A Multi-GPU Framework for Structural Optimization under Uncertainty

D. Herrero-Pérez and J. Martínez-Frutos

Computational Mechanics & Scientific Computing Group, Department of Structures and Construction, Technical University of Cartagena, Murcia, Spain

Full Bibliographic Reference for this chapter
D. Herrero-Pérez, J. Martínez-Frutos, "A Multi-GPU Framework for Structural Optimization under Uncertainty", in P. Iványi, B.H.V. Topping and G. Várady, (Editors), "Advances in Parallel, Distributed, Grid and Cloud Computing for Engineering", Saxe-Coburg Publications, Stirlingshire, UK, Chapter 2, pp 9-27, 2017. doi:10.4203/csets.40.2
Keywords: GPU computing, multilevel parallelism, software frameworks, uncertainty, topology optimization.
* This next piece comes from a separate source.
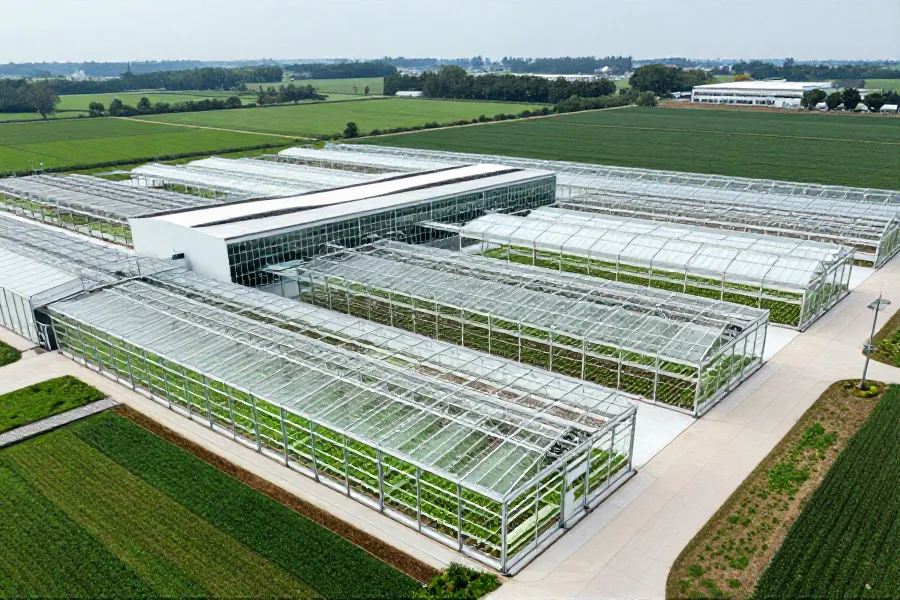 中国种业创新：实质性派生品种制度落地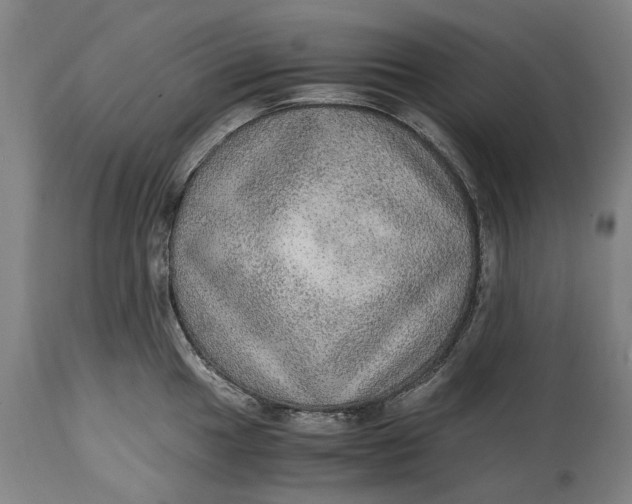 X0000114601049200911161349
This paper proposes a software framework to facilitate the development of algorithms for structural optimization under uncertainty on systems with multiple Graphics Processing Units (GPUs). The computational challenge of this problem requires the use of high performance computing techniques both to be able to address it and to achieve results in a reasonable amount of time. The use of a software framework that facilitates the implementation in a flexible and reusable way and permits the load balancing becomes crucial to take advantage of parallelism in off-the-shelf accelerator hardware, such as multicore and manycore accelerators. The modular design of the software framework permits the flexible design of the flowchart and the implementation of different functionalities for diverse hardware architectures. All these features facilitate the proper exploitation of multilevel parallelism provided by multi-GPU systems, which is of paramount importance to obtain reasonable performance. An instance of the proposal is presented in the numerical experiments, where task level parallelism is used to concurrently evaluate, through the nodes of a GPU cluster, the independent finite element simulations arising from non-intrusive uncertainty propagation methods. Such finite element models are then solved on the available GPUs exploiting the data level parallelism. The numerical experiments show how significant improvements in computational efficiency and scalability are achieved.